Lena moved forward, her eyes narrowing as she surveyed the terrain. The living room had been stripped of anything breakable. What remained were heavy, abused leather couches pushed against the walls, and a makeshift DJ booth on a folding table draped in a plastic tablecloth. The lighting was a seizure-inducing mix of strobes and red gels taped over the recessed can lights.
She took a step and felt resistance. Her boot had stuck to the hardwood.
’Great.’
She looked down and saw that the floor was glazed with a mixture of reduced sugar and alcohol. A crumpled red Solo cup lay flattened near her toe, a casualty of the stampede. Lena lifted her foot with a wet peeling sound and navigated around a puddle of mysterious brown liquid.
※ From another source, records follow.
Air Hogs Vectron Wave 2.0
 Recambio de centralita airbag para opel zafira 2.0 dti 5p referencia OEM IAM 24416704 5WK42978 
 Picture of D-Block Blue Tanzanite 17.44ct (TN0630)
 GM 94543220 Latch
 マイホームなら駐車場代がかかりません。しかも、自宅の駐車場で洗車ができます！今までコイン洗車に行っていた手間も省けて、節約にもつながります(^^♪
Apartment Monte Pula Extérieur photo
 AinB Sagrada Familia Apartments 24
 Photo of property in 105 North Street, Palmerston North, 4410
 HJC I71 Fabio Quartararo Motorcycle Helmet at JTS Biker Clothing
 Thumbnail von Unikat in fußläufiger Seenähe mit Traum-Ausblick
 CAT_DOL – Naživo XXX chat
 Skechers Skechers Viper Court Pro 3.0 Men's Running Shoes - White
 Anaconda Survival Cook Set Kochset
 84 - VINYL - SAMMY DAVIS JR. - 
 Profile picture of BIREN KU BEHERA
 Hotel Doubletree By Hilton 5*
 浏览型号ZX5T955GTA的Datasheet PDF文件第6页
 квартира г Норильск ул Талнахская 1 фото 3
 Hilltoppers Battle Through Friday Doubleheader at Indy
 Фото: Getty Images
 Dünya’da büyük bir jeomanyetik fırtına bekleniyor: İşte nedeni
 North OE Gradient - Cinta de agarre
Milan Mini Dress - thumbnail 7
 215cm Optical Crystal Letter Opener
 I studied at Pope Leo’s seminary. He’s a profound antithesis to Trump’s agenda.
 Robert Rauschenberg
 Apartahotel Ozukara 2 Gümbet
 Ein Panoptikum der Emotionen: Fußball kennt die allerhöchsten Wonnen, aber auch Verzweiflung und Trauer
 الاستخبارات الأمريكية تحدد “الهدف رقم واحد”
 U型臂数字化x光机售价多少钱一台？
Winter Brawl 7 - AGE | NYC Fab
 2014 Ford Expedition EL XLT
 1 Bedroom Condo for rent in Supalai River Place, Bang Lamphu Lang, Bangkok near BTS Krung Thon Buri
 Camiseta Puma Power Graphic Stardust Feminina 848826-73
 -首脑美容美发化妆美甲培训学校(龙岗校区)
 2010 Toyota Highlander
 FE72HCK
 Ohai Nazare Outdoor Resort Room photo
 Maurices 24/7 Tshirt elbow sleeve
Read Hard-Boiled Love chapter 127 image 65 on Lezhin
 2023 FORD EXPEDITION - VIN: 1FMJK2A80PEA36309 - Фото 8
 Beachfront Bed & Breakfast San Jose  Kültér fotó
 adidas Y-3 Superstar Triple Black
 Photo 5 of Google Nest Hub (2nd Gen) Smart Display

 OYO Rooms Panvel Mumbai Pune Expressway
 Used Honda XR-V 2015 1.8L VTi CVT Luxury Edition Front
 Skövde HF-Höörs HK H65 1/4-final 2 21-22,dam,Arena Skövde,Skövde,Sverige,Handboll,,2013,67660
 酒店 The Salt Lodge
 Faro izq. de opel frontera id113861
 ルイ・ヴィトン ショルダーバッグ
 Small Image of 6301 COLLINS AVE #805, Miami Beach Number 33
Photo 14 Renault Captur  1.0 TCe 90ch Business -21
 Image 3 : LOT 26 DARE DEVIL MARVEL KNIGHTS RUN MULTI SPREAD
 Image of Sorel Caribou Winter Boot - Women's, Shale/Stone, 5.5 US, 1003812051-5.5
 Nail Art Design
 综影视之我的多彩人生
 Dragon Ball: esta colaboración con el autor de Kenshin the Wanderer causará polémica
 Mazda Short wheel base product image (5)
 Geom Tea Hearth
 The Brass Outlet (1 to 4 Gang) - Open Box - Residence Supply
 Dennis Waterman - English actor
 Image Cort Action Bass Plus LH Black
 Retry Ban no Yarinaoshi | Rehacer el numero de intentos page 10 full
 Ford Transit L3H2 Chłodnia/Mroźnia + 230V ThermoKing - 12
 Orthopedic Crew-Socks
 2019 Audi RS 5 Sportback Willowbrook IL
“I’m getting a drink!” Maddy shouted, pointing toward the kitchen where a dense knot of bodies suggested a keg.
Lena waved her off.
“Good luck with the livestock.”
Maddy disappeared into the crush. Lena drifted to the side, claiming a spot near a bookshelf that was tragically empty of books and currently holding a collection of empty cans. She leaned back, crossed her arms, and let her face settle into a bored expression.
This was her favorite part, the observation phase.
To her left, a group of guys in pastel polos were shouting at each other and high-fiving with forceful aggression. They looked like they were trust-fund jerks with poor impulse control. To her right, three girls in identical tube tops were taking a selfie, their lips puckered in synchronized duck faces. They were unaware that the guy behind them was pouring beer onto the floor just to see it splash.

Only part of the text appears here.